Indeed one of the crucial weaknesses of Respect is that the work of the MPs office, those of the various council groups and the national office is not co-ordinated.

Important media and political initiatives, which have a profound effect on Respect, are taken with no consultation or prior discussion.

We need a return to the democratic structures of Respect as the primary site of these discussions. Those elected to the NC and the national officers group must attend and discuss their work with other elected comrades in Respect.

6. George's organisational proposals
George makes two suggestions: that there should be an elections committee appointed and that a national organiser should be appointed after interview.

These are sudeful ideas but they need to be adopted in a way that is consistent with the democratic structure of Respect:

The committee with the personnel that George suggests (except for Yvonne Ridley) already exists. It is the national officers group elected by and accountable to the NC. All that needs to happen for this to become the committee that George wants is for the people who have never or rarely attend it to turn up. Others can be co-opted, as the Respect constitution allows, according to the committees wishes and by agreement with the NC. If we wish to make a special concentration on the coming elections the officers group can meet as an elections committee on, say, every second week.

To appoint a second committee is unwise since it gives two committees, the officers and the elections committee, a brief covering very many of the same areas with no indication which body, if there is a conflict of interest, takes precedent.

The appointment of another national office worker, whatever their title, would be very welcome. There is of course no problem with an open interview process of the kind that the national office has already used in the past.

But any worker so appointed will have to work under the direction of the elected officers of Respect.

Moreover, before we advertise such a post it would be wise to know where the wages for this employee will come from. Indeed it would be sensible if wages were in the bank before we took someone on.

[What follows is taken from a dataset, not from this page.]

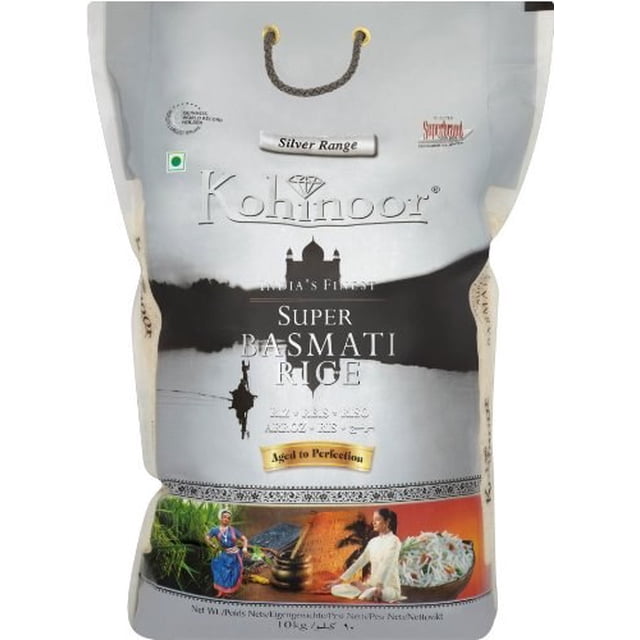 Kohinoor Riz Basmati Sac de 10 Lb avec Emballage Argenté et Noir Étiqueté Argent Gamme et Super Riz Basmati, Montrant une Scène de Lac avec une silhouette de Bateau et de temple, plus un Panneau Inférieur Représentant la Cuisine Indienne Traditionnelle et une Assiette de Riz Basmati Cuit, Convient aux Plats Indiens et d'Asie du Sud.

7. Where do we go from here?
The discussion over the future of Respect can be one which strengthens the organisation. A renewed committment to resolving tactical and strategic issues through the democratic structures of Respect, an increase in the accountablity of all the elected officers and elected representatives of Respect and an insistence on maintaining the radical impulsed on which Respect was founded can give us all greater confidence in facing the challenges ahead.

But most of all we need to get to work on the GLA campaign and the preparations for next year's council elections and what may be an early general election. Respect's radical message wins more votes today than it has ever done. But it needs to be put more credibly before an even wider range of voters.

If we all recommit ourselves to this task the future for Respect can rise above the already great heights that it has scaled in its first years.